This year hosted and sponsored by both the Power of Pain Foundation and Medtronic Neuromodulation.
Our topics today include Access to Care, Advocacy and Neuromodulation with Medtronic Pain Therapies from Medtronic.com and TameThePain.com
Access to Care
Patient Rights
There are 8 key areas to the Patients’ Bill of Rights
You have the right to accurate and easily understood information about your health plan, healthcare professionals, and health care facilities.
You have the right to your choice of providers and plans.
You have the right to emergency services. (Emergency department, urgent care)
You have the right to take part in treatment decisions.
You have the right to respect and non-discrimination
You have the right to confidentiality. (Privacy of healthcare information)
You have the right to file complaints and appeals.
You have the right to your consumer responsibilities. (Take an active role in your own health and well-being. Doctors are only a tool, too. )
Patient Communication
Understand your symptoms
Communicate with caregivers and healthcare professionals
Communication is essential.
Become an expert in your pain
Be prepared when attending your doctor’s visit.
Keep a pain journal.
Write down your questions.
Do you have concerns about your medication, or treatments?
Take notes.
Have a shared understanding of your pain and symptoms.
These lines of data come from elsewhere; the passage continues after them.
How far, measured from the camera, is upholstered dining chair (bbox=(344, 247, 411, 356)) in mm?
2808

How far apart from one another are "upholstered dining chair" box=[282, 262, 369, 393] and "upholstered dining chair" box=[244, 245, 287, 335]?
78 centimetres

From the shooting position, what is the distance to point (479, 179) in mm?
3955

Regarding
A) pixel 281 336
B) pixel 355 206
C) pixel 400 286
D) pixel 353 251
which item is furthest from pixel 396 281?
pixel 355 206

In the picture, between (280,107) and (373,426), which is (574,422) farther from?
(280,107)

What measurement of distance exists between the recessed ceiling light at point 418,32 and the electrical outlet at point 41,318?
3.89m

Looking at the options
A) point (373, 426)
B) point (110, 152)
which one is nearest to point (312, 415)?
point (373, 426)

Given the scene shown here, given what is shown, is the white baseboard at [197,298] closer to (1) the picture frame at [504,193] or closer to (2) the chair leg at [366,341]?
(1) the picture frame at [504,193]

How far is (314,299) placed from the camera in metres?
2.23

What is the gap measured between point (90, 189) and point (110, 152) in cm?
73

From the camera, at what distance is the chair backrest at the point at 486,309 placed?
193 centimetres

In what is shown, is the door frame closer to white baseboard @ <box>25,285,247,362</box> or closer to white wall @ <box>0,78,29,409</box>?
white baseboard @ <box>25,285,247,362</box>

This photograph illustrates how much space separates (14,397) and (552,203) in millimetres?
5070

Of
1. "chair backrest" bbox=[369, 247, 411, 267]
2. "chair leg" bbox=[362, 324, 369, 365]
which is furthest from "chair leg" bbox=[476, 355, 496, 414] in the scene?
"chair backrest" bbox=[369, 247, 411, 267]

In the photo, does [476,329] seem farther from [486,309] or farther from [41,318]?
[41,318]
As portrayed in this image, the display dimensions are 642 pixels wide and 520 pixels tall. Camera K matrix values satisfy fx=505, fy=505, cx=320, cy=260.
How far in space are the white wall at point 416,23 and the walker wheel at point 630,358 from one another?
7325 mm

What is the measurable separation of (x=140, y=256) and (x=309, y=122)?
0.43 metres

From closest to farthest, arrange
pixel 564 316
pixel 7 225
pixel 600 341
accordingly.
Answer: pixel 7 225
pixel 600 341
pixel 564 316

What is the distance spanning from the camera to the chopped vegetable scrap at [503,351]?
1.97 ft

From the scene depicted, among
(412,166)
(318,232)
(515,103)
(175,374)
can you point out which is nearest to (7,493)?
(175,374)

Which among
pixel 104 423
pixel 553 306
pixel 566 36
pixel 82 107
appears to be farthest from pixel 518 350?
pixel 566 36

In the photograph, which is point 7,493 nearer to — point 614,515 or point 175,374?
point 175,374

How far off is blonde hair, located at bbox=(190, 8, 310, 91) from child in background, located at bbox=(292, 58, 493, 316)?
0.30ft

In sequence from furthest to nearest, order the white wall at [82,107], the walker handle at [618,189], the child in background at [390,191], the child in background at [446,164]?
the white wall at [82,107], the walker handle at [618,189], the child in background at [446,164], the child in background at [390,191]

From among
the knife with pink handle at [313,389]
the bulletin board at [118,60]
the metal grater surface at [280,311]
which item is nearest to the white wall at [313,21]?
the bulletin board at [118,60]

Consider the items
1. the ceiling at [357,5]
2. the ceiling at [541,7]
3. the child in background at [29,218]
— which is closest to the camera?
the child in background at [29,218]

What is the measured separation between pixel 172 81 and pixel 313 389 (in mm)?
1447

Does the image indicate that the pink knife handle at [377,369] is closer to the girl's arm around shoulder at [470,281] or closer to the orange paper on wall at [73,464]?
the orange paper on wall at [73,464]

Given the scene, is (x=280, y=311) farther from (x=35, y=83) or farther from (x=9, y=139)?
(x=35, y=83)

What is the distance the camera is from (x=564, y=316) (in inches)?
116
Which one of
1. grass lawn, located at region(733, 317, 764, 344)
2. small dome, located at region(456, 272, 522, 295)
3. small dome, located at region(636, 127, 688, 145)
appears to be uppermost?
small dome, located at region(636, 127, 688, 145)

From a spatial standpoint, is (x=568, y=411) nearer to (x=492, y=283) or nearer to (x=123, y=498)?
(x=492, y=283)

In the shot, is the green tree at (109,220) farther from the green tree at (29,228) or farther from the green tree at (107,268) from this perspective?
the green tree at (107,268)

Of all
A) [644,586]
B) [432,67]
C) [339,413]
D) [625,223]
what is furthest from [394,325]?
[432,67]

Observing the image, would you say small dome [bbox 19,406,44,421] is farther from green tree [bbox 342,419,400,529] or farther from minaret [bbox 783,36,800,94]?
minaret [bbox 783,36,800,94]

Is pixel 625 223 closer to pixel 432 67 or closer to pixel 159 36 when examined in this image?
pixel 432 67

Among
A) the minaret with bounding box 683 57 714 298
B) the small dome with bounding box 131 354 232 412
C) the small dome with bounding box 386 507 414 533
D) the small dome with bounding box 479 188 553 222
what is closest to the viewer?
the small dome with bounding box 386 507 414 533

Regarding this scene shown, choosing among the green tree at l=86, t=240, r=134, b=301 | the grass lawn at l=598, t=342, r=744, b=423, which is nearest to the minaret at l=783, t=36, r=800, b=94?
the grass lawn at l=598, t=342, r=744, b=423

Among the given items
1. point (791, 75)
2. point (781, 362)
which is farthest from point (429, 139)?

Get emotions under control.
Be assertive, but listen to others.
Describe your pain. (Don’t just say its pain. Does it burn, stab, pinch, tingle. Does it feel like cutting, aches, or throbbing? Is it localized or all over? Is it instigated by stress, depression, emotions?) Your doctor can’t help you if you’re not able to communicate.
Take someone with you to your appointments.
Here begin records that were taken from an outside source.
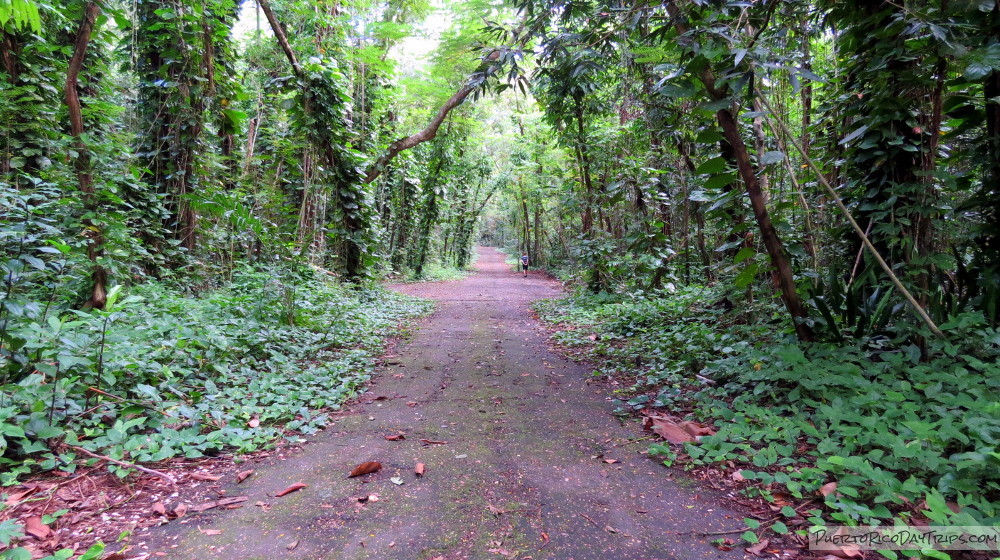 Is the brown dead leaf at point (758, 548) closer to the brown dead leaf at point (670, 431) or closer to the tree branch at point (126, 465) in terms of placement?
the brown dead leaf at point (670, 431)

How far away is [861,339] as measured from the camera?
136 inches

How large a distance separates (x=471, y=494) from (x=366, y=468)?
72 centimetres

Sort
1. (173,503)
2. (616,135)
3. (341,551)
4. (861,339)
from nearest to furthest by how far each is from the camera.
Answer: (341,551) → (173,503) → (861,339) → (616,135)

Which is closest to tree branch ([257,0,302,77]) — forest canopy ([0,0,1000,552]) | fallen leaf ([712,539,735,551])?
forest canopy ([0,0,1000,552])

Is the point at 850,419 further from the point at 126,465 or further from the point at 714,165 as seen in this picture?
the point at 126,465

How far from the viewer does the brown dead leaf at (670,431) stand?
3254mm

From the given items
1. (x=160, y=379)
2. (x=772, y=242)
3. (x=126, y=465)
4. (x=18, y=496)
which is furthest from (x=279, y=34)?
(x=772, y=242)

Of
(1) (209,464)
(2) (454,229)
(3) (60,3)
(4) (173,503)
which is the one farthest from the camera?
(2) (454,229)

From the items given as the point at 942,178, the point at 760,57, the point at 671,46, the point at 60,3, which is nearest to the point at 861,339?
the point at 942,178

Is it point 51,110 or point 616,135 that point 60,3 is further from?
point 616,135

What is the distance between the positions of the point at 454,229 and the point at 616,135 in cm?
1954

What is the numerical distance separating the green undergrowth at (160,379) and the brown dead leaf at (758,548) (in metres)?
2.95

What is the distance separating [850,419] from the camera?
266cm

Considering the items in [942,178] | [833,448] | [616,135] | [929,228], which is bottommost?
[833,448] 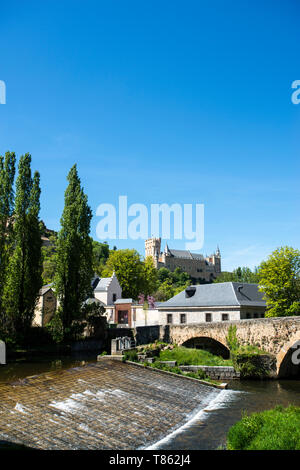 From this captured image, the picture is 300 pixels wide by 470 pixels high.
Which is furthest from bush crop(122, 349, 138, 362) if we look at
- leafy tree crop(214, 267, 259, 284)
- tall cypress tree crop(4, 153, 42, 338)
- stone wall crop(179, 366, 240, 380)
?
leafy tree crop(214, 267, 259, 284)

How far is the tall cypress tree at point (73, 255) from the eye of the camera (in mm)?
33312

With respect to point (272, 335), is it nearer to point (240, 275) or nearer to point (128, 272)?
point (128, 272)

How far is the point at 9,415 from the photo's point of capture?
12.3 meters

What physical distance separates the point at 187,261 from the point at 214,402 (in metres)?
155

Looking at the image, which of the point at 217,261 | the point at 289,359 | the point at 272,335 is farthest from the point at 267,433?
the point at 217,261

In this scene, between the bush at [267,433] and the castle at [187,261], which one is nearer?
the bush at [267,433]

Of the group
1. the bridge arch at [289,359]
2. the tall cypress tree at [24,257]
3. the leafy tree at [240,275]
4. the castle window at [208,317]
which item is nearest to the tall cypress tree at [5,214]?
the tall cypress tree at [24,257]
Take responsibility in reaching goals.
Caregivers: Be mindful and assertive in caregiving. According to the Department of Pain Medicine and Palliative Care at Beth Israel Hospital in New York, a family caregiver is “anyone who provides any type of physical and or emotional care for an ill or disabled loved one at home”. For this definition, “family” refers to a nonprofessional who is called “family” by the person who is sick. Sometimes, family is whoever shows up to help. (IN the FACE of PAIN, 5th edition, page 40)
Patients
Be easy on your caregiver without them you might not have any one to care for you. If you’re both a patient and a caregiver, be easy on each other. No one knows better than both of you.
Reducing Conflicts
Keep one network of physicians. One primary care provider, let referrals be given by only him or her.
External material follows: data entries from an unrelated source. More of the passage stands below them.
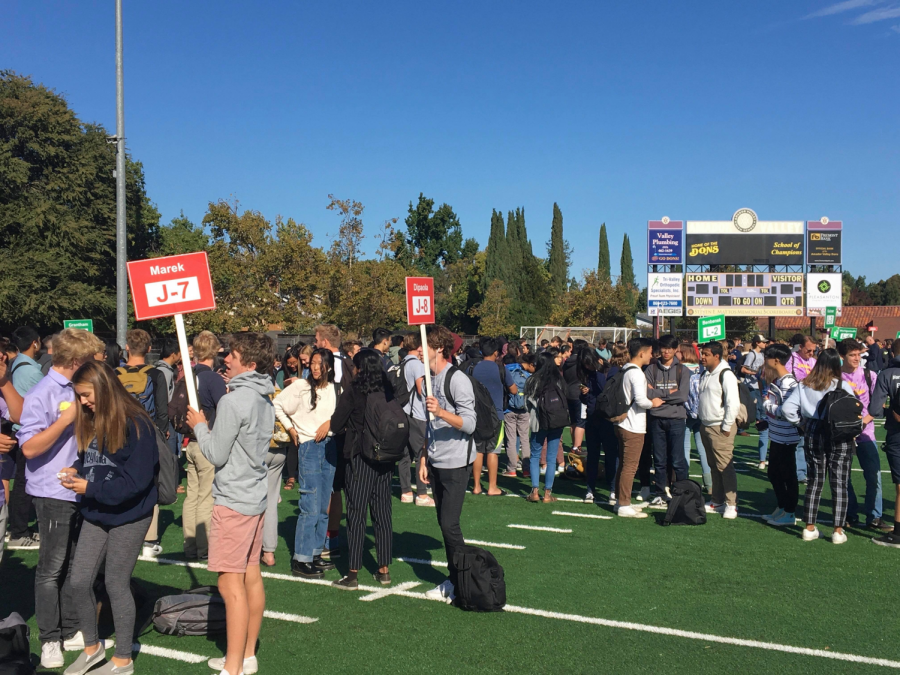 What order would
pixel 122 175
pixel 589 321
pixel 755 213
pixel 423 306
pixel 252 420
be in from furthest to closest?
1. pixel 589 321
2. pixel 755 213
3. pixel 122 175
4. pixel 423 306
5. pixel 252 420

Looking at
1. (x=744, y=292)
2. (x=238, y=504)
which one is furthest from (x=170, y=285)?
(x=744, y=292)

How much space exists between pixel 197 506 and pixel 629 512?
507cm

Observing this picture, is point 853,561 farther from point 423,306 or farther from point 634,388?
point 423,306

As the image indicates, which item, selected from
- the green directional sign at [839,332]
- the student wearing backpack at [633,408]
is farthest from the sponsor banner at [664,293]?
the student wearing backpack at [633,408]

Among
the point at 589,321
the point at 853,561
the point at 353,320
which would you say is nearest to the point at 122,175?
the point at 853,561

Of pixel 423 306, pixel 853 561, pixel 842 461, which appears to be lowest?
pixel 853 561

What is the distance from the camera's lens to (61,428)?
468 centimetres

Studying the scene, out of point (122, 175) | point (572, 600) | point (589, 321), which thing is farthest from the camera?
point (589, 321)

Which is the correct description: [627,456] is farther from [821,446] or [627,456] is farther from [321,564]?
[321,564]

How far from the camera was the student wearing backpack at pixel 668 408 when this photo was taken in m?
9.22

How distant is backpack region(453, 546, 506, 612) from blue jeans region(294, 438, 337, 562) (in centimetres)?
149

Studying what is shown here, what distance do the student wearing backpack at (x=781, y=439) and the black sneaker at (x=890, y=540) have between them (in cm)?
93

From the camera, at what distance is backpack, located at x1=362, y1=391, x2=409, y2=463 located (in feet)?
19.9

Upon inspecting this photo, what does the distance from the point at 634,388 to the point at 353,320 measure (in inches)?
1116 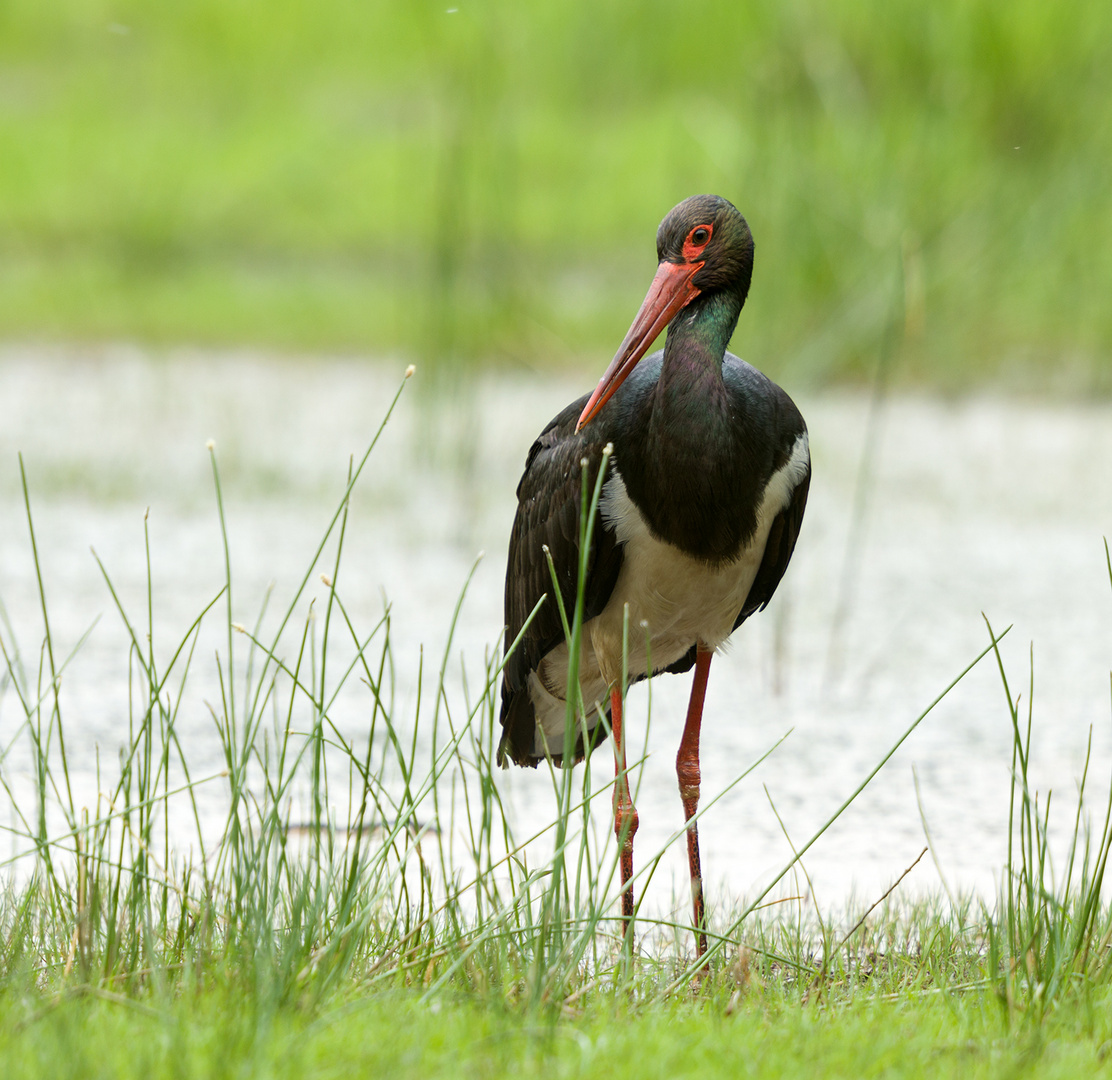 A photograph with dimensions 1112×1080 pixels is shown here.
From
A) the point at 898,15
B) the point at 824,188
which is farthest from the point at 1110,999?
the point at 898,15

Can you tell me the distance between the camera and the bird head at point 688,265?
1504 millimetres

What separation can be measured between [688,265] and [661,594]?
34 centimetres

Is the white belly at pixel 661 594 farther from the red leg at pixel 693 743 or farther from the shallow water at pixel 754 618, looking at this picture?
the shallow water at pixel 754 618

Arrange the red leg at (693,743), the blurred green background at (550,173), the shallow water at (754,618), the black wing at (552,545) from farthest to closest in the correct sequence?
the blurred green background at (550,173)
the shallow water at (754,618)
the red leg at (693,743)
the black wing at (552,545)

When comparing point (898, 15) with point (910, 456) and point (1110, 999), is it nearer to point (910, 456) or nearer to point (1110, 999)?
point (910, 456)

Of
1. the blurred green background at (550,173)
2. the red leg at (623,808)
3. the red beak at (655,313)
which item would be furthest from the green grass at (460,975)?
the blurred green background at (550,173)

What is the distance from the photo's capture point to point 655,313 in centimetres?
152

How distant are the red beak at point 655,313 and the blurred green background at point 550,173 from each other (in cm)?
79

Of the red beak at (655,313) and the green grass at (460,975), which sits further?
the red beak at (655,313)

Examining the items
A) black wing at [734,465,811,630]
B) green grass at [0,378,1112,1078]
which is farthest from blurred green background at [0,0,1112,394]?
green grass at [0,378,1112,1078]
Use only one pharmacy. Have medications sent to the same location. Pick them up from that location.
Don’t allow more than one physician to prescribe you an opioid pain medication.
The PDMP/ Prescription Drug Monitoring Program contains records of your prescribing history and is maintained and reviewed for changes in your habits.
When visiting ED’s describe your pain on the 0 – 10 NRS or Numeric Rating Scale which is most commonly recognized in emergency care. The NRS Scale for pain measures the intensity of your pain. It’s the 11 point numeric scale with 0 representing “no pain” and 10 representing “the worse pain imaginable”, “as bad as you can imagine” or unimaginable and unspeakable pain”.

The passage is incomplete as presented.